Associations Between Clinical Changes and Changes in Postural Perturbations
Significant correlations were identified between reductions in forward CoM displacement and increased BBS scores (ρ = −0.68; P = 0.04) and DGI (ρ = −0.75; P = 0.03). No significant correlations were identified between increased BBS scores and delayed antagonist onset times (ρ = 0.78; P = 0.07), between reductions in forward CoM displacement and increased FAB scores (ρ = −0.49; P = 0.19), or between changes in backward CoM displacement and improvements in BBS (ρ = 0.37; P = 0.33), FAB (ρ = 0.52; P = 0.15), or DGI (ρ = 0.21; P = 0.62).
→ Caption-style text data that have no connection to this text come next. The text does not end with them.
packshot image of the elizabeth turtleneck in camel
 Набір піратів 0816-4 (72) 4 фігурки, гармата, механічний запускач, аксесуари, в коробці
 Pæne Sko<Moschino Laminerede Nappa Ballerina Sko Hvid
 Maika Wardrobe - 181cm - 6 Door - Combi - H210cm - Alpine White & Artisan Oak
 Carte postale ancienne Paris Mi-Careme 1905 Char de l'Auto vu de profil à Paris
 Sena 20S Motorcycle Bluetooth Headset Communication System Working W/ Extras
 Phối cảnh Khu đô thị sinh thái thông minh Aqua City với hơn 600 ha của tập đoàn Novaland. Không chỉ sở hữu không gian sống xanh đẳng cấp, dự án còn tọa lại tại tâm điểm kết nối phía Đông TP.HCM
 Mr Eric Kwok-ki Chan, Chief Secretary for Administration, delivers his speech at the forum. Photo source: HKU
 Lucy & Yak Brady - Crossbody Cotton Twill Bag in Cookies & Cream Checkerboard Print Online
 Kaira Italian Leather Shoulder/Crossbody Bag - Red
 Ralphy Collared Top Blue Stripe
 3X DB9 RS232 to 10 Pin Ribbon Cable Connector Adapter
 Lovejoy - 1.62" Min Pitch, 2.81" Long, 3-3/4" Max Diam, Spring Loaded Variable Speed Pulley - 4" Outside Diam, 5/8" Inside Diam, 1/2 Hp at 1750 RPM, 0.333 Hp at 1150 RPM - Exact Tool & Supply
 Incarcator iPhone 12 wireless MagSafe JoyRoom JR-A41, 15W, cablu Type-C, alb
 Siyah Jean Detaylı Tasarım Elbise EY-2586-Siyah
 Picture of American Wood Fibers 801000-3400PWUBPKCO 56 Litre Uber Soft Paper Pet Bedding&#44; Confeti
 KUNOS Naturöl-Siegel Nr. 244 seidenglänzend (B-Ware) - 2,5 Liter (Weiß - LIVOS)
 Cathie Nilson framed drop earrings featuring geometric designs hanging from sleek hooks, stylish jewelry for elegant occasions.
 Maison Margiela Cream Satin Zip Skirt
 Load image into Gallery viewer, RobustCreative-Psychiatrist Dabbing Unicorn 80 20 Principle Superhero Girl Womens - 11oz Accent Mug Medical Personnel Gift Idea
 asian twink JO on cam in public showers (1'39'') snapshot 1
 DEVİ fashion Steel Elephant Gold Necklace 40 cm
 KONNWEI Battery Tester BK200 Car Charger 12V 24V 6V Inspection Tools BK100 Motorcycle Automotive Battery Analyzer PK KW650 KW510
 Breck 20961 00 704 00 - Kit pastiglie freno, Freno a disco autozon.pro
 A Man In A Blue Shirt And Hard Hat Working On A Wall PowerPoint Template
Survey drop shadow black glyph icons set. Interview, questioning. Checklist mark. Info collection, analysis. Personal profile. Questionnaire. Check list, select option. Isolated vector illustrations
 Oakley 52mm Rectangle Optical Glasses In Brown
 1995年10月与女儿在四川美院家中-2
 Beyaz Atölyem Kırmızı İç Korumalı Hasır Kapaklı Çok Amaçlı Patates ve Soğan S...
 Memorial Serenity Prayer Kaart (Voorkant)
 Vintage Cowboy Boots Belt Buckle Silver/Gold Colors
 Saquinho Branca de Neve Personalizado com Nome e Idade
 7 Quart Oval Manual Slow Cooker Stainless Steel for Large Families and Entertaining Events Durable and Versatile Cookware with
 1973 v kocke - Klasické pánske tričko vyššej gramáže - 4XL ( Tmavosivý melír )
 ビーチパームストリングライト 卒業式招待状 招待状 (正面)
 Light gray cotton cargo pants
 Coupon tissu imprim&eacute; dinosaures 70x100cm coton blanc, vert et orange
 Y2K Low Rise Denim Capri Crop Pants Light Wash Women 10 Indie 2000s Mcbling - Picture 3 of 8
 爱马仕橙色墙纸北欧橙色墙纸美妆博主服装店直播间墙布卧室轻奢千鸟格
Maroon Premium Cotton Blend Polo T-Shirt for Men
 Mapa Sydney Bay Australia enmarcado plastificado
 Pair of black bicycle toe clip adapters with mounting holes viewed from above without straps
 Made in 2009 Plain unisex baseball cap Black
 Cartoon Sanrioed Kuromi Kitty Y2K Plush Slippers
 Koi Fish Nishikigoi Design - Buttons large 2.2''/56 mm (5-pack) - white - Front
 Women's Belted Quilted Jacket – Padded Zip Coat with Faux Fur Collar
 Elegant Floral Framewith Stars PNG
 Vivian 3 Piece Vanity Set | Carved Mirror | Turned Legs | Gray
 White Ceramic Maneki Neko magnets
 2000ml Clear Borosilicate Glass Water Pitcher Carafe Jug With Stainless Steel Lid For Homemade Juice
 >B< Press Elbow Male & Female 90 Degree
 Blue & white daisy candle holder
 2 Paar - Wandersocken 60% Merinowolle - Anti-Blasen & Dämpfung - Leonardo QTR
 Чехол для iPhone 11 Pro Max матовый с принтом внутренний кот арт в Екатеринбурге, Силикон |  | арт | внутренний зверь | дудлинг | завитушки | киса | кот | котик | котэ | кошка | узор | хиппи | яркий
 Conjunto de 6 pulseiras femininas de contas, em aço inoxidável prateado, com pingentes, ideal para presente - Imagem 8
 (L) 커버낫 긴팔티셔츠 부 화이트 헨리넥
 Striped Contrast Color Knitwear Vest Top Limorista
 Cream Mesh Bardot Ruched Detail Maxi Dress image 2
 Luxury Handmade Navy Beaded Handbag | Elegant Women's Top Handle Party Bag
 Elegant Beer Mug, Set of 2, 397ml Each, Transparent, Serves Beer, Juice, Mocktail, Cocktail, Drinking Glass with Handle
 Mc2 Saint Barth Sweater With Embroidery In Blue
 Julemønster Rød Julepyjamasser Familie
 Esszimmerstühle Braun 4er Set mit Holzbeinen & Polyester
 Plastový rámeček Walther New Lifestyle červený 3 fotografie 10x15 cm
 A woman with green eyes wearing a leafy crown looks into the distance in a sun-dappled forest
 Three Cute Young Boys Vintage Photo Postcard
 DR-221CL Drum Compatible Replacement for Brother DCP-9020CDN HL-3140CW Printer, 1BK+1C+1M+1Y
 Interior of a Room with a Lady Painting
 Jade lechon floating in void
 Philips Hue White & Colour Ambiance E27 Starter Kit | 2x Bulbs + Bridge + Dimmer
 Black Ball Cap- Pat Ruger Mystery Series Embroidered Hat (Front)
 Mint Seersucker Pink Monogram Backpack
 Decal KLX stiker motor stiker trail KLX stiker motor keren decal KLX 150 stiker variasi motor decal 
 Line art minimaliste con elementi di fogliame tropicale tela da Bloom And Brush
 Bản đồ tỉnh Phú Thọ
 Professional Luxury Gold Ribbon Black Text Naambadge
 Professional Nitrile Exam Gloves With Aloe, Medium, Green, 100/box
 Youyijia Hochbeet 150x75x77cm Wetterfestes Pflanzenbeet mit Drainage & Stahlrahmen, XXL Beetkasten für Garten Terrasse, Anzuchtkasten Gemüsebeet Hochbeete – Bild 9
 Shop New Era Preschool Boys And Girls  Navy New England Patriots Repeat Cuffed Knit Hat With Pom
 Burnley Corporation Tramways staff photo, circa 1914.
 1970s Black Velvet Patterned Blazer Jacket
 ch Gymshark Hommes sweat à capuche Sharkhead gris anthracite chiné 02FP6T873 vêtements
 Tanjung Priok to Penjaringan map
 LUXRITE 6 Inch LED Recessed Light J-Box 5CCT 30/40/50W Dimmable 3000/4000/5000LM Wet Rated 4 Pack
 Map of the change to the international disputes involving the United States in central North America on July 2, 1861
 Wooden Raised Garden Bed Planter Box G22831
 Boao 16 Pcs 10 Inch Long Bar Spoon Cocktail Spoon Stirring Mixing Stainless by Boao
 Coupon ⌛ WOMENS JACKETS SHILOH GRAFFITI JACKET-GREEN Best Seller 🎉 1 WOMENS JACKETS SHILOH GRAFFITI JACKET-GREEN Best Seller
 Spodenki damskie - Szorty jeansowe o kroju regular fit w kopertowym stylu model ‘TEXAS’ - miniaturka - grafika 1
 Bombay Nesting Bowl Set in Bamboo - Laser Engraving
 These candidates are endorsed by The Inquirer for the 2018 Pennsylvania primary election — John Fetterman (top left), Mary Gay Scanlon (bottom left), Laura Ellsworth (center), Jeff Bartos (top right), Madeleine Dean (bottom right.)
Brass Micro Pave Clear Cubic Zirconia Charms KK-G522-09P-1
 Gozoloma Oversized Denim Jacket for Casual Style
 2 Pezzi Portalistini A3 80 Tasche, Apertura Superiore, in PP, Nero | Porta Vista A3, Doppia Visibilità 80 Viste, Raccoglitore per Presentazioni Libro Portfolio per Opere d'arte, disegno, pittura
The low attrition observed here (2 of 22 participants who began the intervention) and improvements observed in these individuals with mild-moderate PD on clinical measures of balance, gait, and disease severity after 3-week, high-volume Adapted Tango demonstrate that the program volume is feasible and may have efficacy comparable with longer programs with similar total doses. This pilot study is the first to measure automatic postural responses before and after Adapted Tango. In a convenience sample of the study participants, we observed reductions in forward CoM displacement and changes in some measures of EMG magnitude and timing after Adapted Tango. On the basis of this, we consider a subsequent randomized Adapted Tango trial with kinematic and EMG outcome measures to be feasible and justified.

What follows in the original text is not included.